#### What to work on:
For the data that follows, print the line with "Cartão Postal Cambridge Inglaterra", the line with "Girocollo basic in cashmere", and all lines between them, exactly as they stand. Omit pictures and add nothing.

#### Provided entries:
↓↓↓
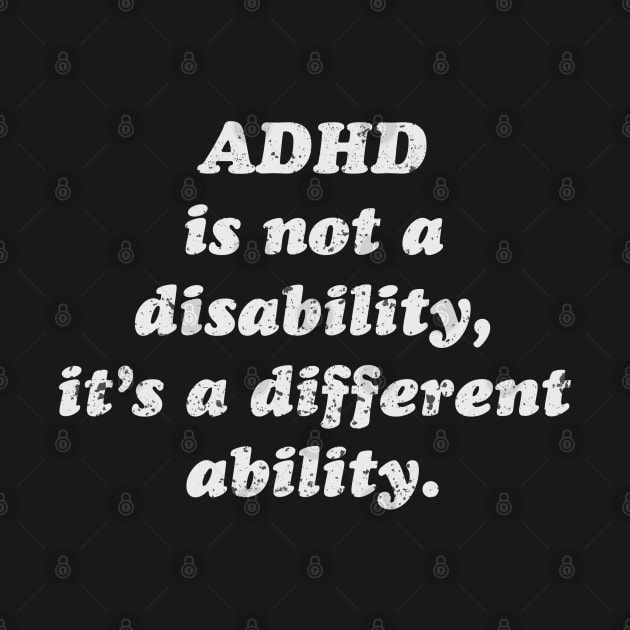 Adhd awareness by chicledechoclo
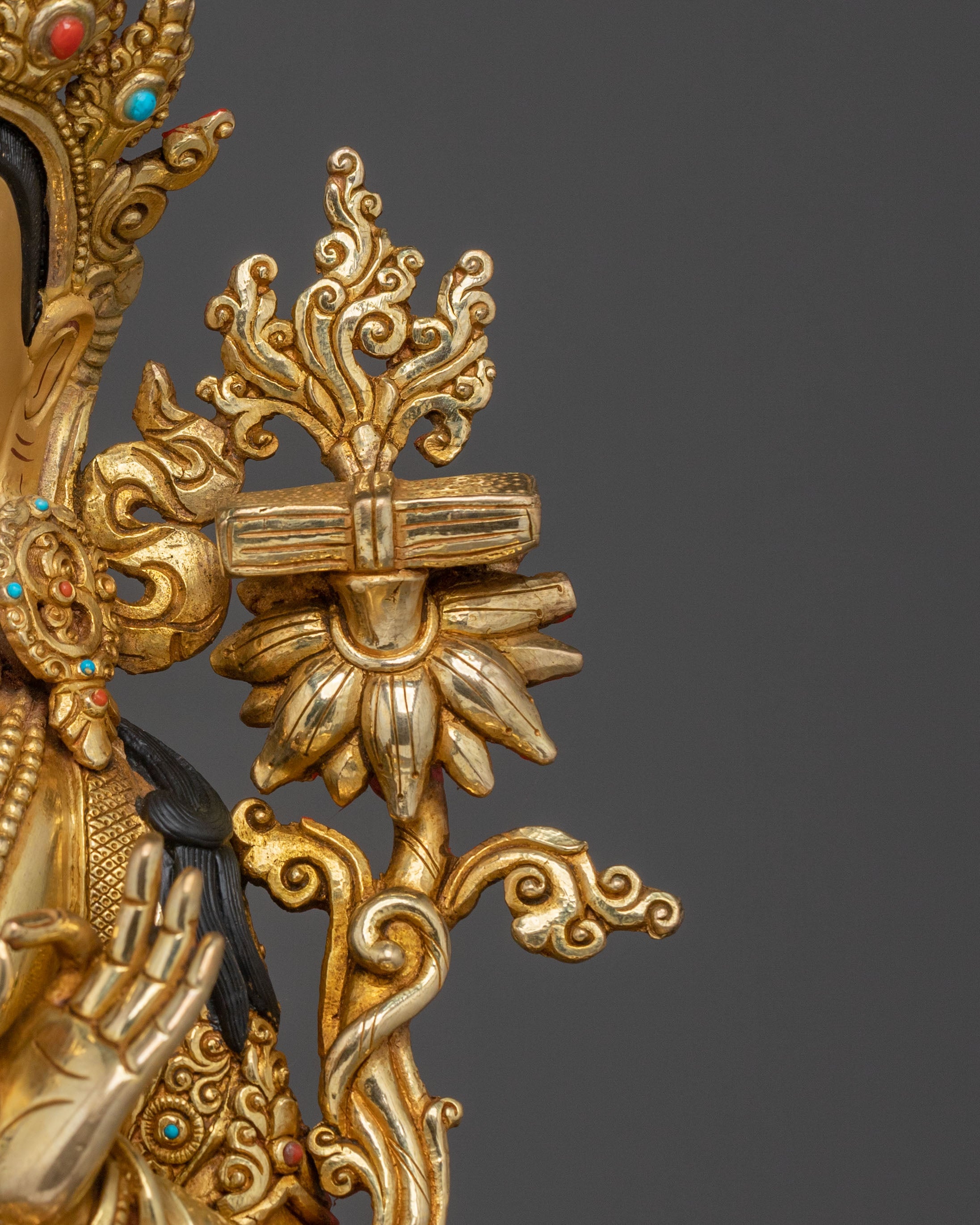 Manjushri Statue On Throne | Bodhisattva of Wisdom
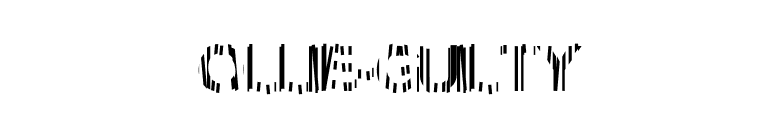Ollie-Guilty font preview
↑↑↑
↓↓↓
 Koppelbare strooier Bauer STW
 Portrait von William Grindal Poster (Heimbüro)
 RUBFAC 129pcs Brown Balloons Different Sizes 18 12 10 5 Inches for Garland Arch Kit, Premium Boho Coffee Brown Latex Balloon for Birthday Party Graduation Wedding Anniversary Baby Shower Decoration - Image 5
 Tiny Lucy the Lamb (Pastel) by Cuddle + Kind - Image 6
↑↑↑
↓↓↓
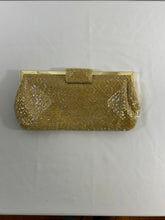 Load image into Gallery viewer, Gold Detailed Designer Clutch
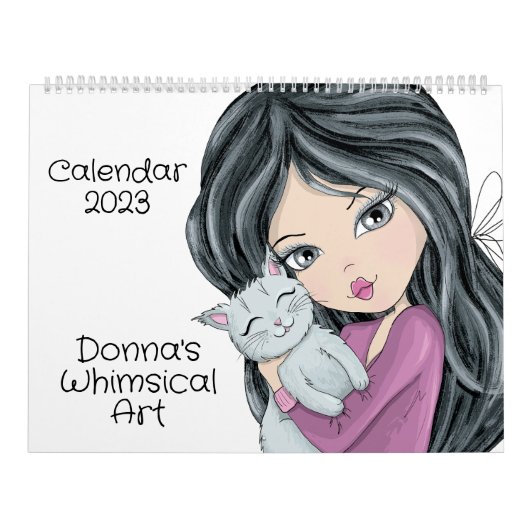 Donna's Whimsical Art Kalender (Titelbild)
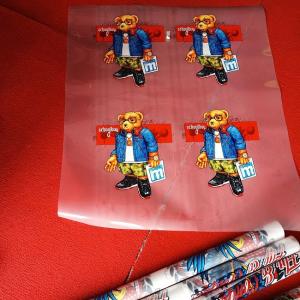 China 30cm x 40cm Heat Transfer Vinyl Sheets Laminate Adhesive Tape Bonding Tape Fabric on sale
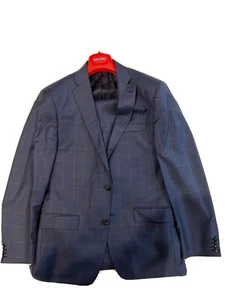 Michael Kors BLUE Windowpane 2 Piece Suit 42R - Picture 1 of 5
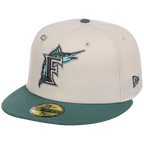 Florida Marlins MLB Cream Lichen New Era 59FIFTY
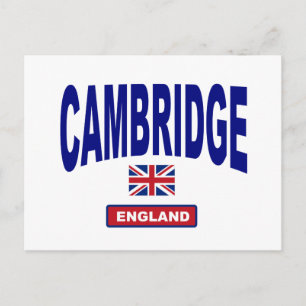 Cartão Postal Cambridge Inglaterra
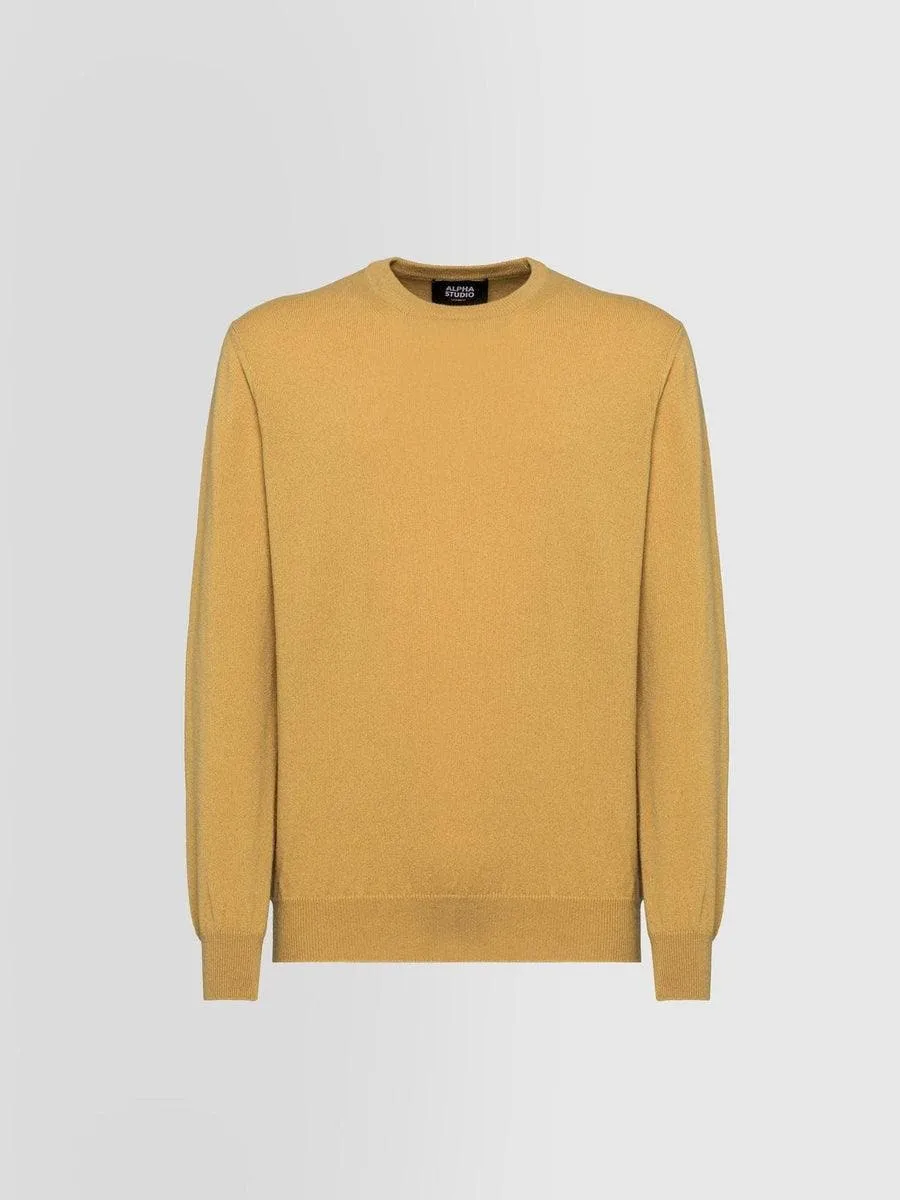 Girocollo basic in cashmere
↑↑↑
#### Task result:
 Cartão Postal Cambridge Inglaterra
 Girocollo basic in cashmere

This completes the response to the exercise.